David dropped the sword and it clanged upon the floor. He looked down at it, and felt dazed and choked. In those countries of whose beauty he had been dreaming — even this sword was beautiful — Kao Lien had seen this!
“But why?” he asked.
“Who knows?” Kao Lien asked, sighing. How could he make this young David understand, who had all his life lived in safety and peace? What ancient curse was upon their people elsewhere that did not hold under these Eastern skies?
“What had they done?” David’s voice rang through the great hall. He looked at his father and his mother and back to Kao Lien.
“Nothing!” Madame Ezra cried, and she lifted her face from her hands
“Even though we sinned,” Kao Lien exclaimed, “are we among all mankind never to be forgiven?”
But Ezra was silent.
Now the servants, feeling distress in the air and being moved to pity by what they had heard, came forward to pour tea and to put away the goods. Only then did Ezra come to himself.

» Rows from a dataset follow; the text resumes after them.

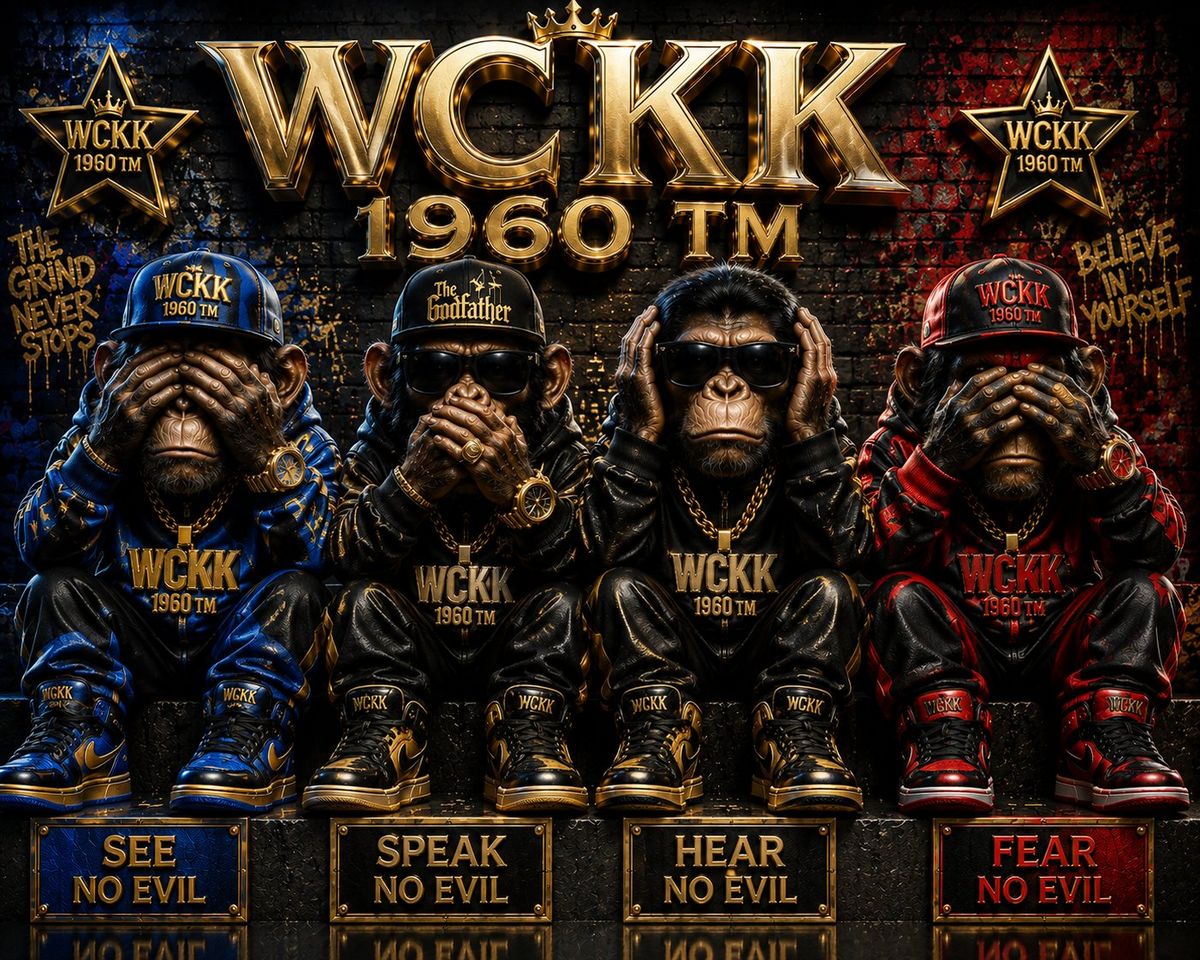 Four chimps artwork representing See No Evil, Speak No Evil, Hear No Evil, and Fear No Evil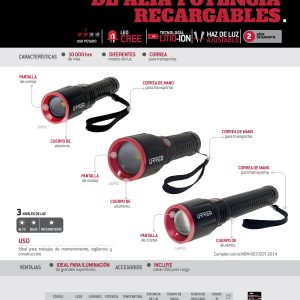Linterna de LED de alta potencia recargable de 1,000 lm Urrea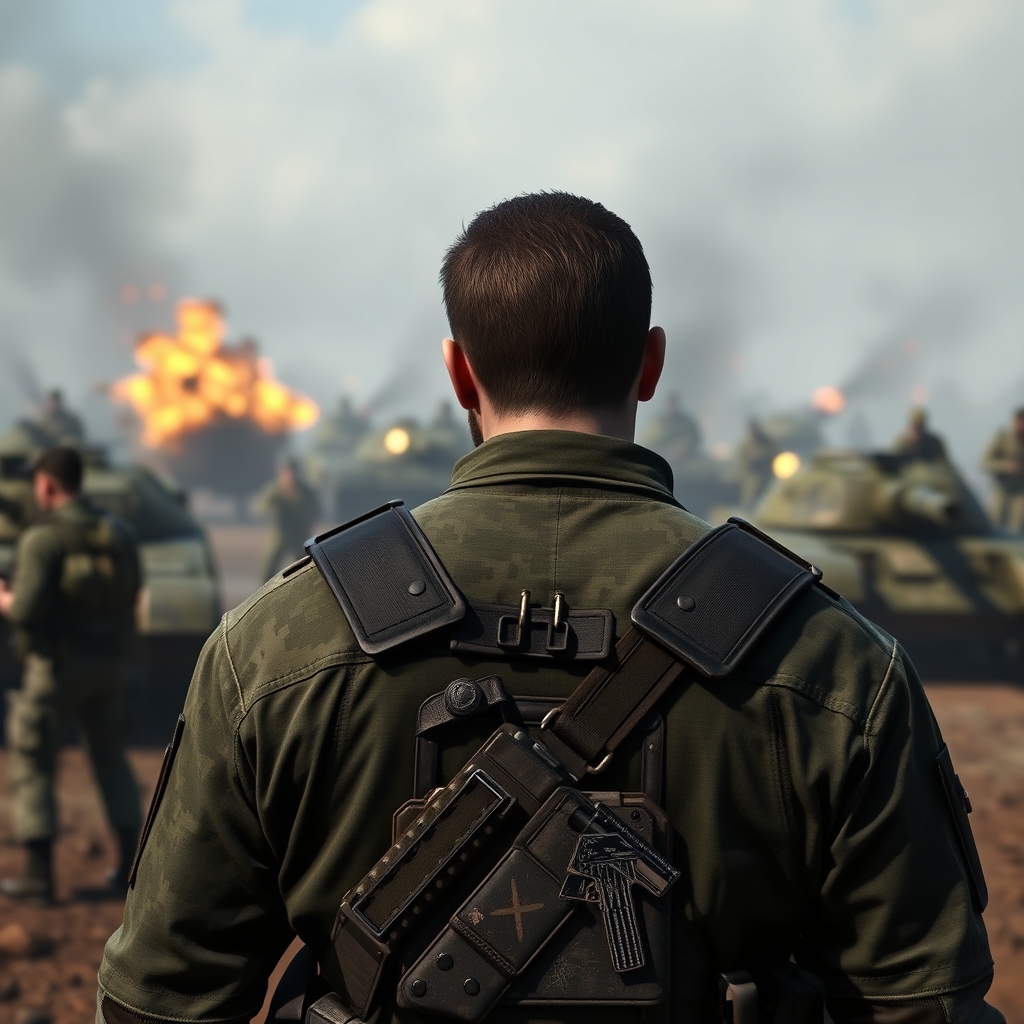 یک مرد کالاف دیوتی پشتش چند تانک و سرباز جنگ میکنن20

He took his hand away from his face and he drank a bowl of tea. When Wang Ma had filled it again, he held it in both hands as though to warm himself.
“As long as we live here, we are safe,” he said at last. “Kao Lien, take the sword, melt it into its pure metal. We will forget that we saw it.”

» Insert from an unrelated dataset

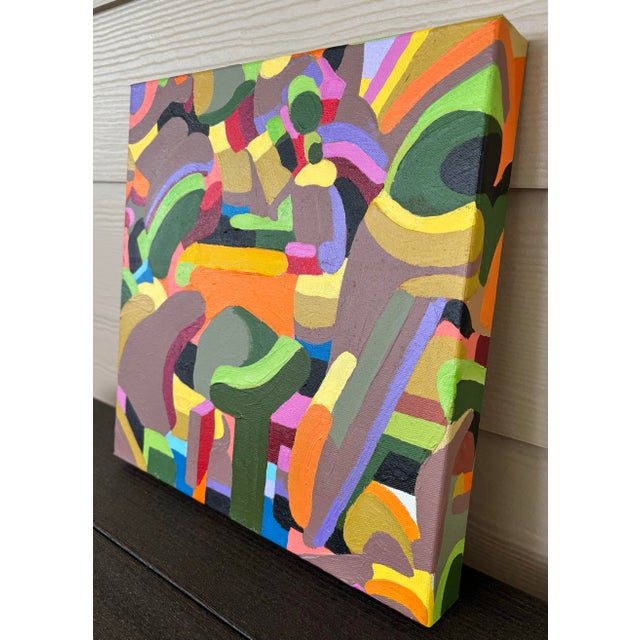 Abstract David Mac Innes “Orange Dominant” Construct Series 2003 #19 Abstract Original Painting on Canvas For Sale - Image 3 of 9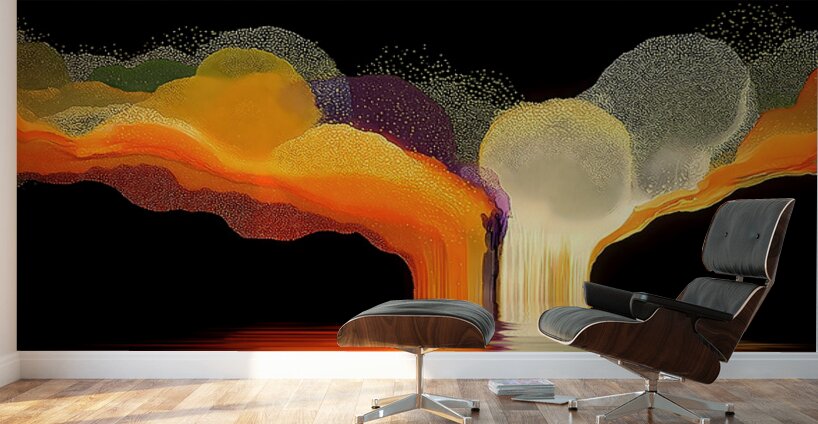 Feeding the Crucible – Molten Horizon Abstract Wall Murals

Before Kao Lien could move to obey, David stooped and grasped the sword again by its hilt. “I still choose the sword!” he declared.
Ezra groaned but Madame Ezra spoke. “Let him keep it,” she said to Ezra. “Let him remember that by it our people have died.”
Ezra put down the bowl and rubbed his hands over his head, and sighed again. “Naomi, it is the thing he should not remember!” he exclaimed. “Why should our son fear when none pursue him?”
“Father, I will remember — forever!” David cried. He stood straight, the sword in his hand, his head high, his eyes passionate.
At this moment there was a footstep at the door and Leah was there. David saw her in her scarlet and gold, her dark hair bound back, her great black eyes burning, her red lips parted.
“Leah!” he cried.
“I heard what Kao Lien told you.” Her voice was clear and soft. “I heard about our people. I was standing behind the curtain.”
“Come in, child,” Madame Ezra said. “I was about to send for you.”
“I knew I should come,” she replied in the same soft voice. “I felt it — here.”
She clasped her hands together on her breast and she looked at David. He gazed back at her, startled out of himself, and as though he had never seen her before. At this moment she came before him, a woman.
Madame Ezra watched them, and she leaned forward in her seat, and everyone else watched her. She smiled, yearning toward those two. Ezra watched from under his brows, his lips pursed and silent, and Kao Lien watched, smiling half sadly, and Wang Ma watched and her lips were bitter.
But Leah saw only David. He stood so tall and he grasped the silver sword in his right hand. He was more beautiful in her eyes than the morning star and more to be desired than life itself. He was manhood to her womanhood, theirs was one blood, and she forgot everything except that he was there and that his face was tender, his eyes warm upon her. She came to him as to the sun, hesitating and yet compelled.